Stress and Genetics
In the past few days, I’ve been delighted to discover a recent study by one of my old favorite researchers—someone I’ve quoted often in the past—Dr. Eric Nestler. I became fascinated all the way back in 2004 by research he did about the concept of cellular memory and how it provides an explanation for why some people get sick while others with the same risk factors do not. His team found that addictions and other severe stressors cause stable changes in the chromatin and gene expression that alter how DNA is expressed and influence neuronal development and behavioral outcomes.
Since then, Dr. Nestler has evidently not been idle. He published the paper I’m going to discuss today two years ago, alongside Dr. Scott Russo, and this one deals with another subject of great interest to me (and hopefully, to you), the science of resistance to stress. If you’d like to read it yourself, the official title is: Neurobiological basis of stress resilience.
When the paper talks about stress resilience, it is referring to the capacity of humans to endure stress without manifesting the disordered behaviors that are often associated with it. This is a timely issue, since we are currently in the middle of an unprecedented epidemic of anxiety and depression. We were arguably already in an epidemic before COVID hit, and things are far worse now. Dr. Nestler notes one study from the University of Michigan which found that approximately 35% of students and nearly 45% of women on campus have a DSM-diagnosable disorder of anxiety or depression. That’s a significantly higher diagnostic bar than merely having anxiety or depression that negatively affects them to some extent, which makes the numbers all the more striking.
As someone who focuses on therapies for preventative health and wellbeing, I’m especially excited by the idea of conscious processes that can physically alter gene expression and brain health in order to prevent or perhaps even heal the adverse effects of severe stress. And even though much of Nestler’s work is focused on the potential for targeted drugs to treat these effects, he also emphasizes numerous times throughout the paper that resilience is an active process. In fact, he even gives a list of ten positive factors of human resilience. When I first saw this list, I said to my son, “We could have written this,” because it’s striking how well it aligns with what we talk about here on the blog, and with the findings of some of my other favorite sources like the Harvard Grant study. Here are the factors:
- Positive attitude, realistic optimism.
- Cognitive flexibility through cognitive reappraisal.
- Embrace a personal moral compass.
- Find a resilient role model.
- Face your fears.
- Develop active coping skills.
- Establish and nurture a supportive social network.
- Attend to physical well-being.
- Train regularly and rigorously in multiple areas.
- Recognize, utilize, and foster signature strengths.

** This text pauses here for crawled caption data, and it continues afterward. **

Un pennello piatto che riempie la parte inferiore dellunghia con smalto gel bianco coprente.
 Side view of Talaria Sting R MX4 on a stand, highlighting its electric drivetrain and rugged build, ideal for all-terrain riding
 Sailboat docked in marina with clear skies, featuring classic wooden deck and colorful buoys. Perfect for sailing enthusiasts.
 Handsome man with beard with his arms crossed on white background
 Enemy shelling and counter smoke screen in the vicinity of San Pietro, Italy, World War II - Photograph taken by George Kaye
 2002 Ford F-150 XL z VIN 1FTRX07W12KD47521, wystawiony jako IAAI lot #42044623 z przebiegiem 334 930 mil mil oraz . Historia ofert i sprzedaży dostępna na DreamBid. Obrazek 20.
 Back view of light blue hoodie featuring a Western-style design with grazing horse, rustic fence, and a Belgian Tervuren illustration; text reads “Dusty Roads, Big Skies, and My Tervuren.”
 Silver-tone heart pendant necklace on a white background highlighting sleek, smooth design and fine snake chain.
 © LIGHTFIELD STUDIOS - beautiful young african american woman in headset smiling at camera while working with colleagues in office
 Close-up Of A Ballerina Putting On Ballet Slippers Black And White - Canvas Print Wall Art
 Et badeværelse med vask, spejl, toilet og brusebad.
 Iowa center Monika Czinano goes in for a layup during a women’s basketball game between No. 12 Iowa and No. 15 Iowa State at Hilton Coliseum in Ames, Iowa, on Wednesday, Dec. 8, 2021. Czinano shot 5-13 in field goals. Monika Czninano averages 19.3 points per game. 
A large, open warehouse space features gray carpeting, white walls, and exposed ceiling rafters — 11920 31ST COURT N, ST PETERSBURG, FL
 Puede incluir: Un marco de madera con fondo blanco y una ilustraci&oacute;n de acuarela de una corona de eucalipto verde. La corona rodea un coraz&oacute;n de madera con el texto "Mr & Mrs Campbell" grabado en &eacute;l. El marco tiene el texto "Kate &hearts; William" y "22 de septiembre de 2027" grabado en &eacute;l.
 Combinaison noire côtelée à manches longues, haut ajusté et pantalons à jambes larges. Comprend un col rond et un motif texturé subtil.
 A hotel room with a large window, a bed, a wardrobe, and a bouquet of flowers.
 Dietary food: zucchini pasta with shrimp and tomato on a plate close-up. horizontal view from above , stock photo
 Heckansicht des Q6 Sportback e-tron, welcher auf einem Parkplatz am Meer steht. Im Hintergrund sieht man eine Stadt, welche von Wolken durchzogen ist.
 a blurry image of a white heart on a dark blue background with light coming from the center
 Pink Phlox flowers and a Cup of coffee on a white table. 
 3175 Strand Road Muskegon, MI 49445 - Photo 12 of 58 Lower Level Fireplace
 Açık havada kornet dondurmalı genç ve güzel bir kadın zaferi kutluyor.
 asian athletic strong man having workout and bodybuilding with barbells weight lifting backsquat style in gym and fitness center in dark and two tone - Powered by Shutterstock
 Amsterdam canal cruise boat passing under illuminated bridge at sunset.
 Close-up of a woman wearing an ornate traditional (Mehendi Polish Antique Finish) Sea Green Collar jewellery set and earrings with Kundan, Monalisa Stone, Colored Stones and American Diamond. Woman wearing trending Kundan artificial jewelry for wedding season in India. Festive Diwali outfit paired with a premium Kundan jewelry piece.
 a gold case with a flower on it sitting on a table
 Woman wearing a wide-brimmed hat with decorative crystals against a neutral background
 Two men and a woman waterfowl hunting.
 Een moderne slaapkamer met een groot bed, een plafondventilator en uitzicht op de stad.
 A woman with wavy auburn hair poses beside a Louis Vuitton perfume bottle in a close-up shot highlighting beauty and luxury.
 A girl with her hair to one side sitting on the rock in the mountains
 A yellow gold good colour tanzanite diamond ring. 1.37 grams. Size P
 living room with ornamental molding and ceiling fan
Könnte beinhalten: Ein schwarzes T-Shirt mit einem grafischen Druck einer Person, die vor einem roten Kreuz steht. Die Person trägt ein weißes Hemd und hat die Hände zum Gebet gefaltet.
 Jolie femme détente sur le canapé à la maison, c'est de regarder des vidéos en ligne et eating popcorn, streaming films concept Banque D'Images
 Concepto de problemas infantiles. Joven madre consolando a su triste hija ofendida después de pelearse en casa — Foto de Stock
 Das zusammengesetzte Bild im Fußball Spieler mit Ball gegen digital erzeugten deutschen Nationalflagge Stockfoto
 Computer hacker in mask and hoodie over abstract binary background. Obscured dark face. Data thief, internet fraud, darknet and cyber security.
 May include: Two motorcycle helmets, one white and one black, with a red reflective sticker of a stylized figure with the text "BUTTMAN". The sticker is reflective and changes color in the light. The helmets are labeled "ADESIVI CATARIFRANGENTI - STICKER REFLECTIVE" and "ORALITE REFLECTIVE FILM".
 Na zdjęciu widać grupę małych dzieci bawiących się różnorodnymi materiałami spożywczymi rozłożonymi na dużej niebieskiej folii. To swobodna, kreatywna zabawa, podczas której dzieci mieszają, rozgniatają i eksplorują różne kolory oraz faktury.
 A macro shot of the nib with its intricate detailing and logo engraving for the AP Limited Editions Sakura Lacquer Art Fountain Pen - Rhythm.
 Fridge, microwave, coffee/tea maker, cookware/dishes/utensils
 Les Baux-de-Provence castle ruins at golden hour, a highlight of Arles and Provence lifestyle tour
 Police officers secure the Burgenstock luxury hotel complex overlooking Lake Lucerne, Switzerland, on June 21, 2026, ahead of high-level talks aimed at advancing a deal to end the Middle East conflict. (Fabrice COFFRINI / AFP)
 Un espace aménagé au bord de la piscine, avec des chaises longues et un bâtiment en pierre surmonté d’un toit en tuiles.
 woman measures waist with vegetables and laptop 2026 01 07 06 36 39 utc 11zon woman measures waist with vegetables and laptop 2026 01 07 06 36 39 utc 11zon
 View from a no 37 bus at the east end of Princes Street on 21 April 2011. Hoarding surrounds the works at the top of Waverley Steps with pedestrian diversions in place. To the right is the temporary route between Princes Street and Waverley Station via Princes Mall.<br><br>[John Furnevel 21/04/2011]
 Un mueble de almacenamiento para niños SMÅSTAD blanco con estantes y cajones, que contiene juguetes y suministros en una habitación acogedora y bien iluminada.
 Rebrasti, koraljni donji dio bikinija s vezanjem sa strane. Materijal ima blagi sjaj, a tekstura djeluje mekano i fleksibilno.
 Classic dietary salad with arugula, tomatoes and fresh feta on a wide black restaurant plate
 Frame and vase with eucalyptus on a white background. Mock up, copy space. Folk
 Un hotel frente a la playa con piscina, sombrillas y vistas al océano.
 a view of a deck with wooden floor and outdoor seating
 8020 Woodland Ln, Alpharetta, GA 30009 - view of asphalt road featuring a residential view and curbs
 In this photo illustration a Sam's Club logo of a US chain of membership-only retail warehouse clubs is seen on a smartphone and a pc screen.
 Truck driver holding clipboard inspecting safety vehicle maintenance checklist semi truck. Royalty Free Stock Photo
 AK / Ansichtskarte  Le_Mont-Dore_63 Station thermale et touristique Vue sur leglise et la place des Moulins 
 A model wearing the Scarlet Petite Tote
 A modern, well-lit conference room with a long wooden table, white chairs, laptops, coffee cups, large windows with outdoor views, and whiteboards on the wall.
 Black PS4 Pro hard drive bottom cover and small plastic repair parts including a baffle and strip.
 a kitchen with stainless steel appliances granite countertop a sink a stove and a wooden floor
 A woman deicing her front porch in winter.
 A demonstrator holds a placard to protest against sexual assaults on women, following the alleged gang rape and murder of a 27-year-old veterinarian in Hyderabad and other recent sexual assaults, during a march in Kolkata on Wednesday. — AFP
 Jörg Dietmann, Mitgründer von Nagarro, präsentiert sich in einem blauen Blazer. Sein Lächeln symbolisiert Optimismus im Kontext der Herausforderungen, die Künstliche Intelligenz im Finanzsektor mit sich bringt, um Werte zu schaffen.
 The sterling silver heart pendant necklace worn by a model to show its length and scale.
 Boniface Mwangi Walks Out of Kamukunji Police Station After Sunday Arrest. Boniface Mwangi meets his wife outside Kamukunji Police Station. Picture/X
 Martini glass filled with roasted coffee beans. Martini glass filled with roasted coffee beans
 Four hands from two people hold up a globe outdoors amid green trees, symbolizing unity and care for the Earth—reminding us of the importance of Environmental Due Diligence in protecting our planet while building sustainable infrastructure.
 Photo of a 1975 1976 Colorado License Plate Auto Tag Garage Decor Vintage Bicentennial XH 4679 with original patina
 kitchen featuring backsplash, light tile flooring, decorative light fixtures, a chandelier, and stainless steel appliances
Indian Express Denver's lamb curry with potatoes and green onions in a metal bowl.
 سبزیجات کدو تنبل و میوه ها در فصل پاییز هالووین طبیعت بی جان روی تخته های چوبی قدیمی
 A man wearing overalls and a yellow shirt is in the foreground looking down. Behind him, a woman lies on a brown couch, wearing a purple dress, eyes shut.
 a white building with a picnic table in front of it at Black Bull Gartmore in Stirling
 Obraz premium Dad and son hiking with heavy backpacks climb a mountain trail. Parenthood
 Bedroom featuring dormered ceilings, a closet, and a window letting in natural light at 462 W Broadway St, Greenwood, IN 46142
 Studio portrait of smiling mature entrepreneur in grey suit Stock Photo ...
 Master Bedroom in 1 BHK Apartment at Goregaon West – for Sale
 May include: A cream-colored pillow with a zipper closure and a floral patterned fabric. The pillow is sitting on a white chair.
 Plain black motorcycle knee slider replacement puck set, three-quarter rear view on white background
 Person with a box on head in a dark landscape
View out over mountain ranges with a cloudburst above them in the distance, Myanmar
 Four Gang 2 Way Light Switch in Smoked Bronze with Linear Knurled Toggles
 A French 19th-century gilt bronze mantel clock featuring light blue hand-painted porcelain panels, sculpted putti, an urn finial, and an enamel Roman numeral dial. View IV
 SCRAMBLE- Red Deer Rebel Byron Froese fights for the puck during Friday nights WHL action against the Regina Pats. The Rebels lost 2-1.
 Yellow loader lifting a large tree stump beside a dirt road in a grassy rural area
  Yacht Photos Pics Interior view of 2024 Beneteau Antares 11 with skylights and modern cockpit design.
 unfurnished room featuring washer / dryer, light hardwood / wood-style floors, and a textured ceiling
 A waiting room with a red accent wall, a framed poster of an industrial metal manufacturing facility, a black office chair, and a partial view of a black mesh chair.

What a wonderful list! I’m particularly intrigued by that second item: cognitive flexibility through cognitive reappraisal, because the implication here is something that I’ve been saying for years: most erroneous memories are erroneous in their framing, and if you are able to take active steps to adjust that subconscious framing, it can greatly improve you psychological, and even your physical health.
Dr. Frankl’s paper actually gives direct evidence of what I’ve been calling the devolution of memory, where stressful fight-or-flight triggers become mistakenly associated with all sorts of things that are of no material threat to us, with the result of putting us into a chronically stressful state. Here’s what the paper has to say:
“The PFC [prefrontal cortex] and hippocampus are thought to encode information about traumatic stress and provide cognitive control over emotional behavior. Under chronic stress, traumatic memories can become inflexibly encoded and generalized to non-threatening stimuli. When couple with a loss of top-down cognitive control of PFC, this can manifest as severe avoidance-like behavior and difficulties with emotional regulation.”
In other words, we are seeing compelling evidence that stress and memories that we interpret as traumatic—whether or not anything objectively traumatic actually happened—become overgeneralized and too easily activated. Not only that, but the result causes molecule-level changes to our cells, which alter the way they react to stimulus and potentially make us more vulnerable to illness and disease.
But the good news (and it’s very good news), is that we are not confined to drugs as a solution, as it seems evident now that some of the most powerful ways we have of counteracting this align extremely well with traditional wisdom of living a healthy lifestyle. Things like being part of a community, having a personal moral code, having a positive mental outlook, and facing your fears. The responsibility of living well, it seems, is one of the best things for our health and happiness.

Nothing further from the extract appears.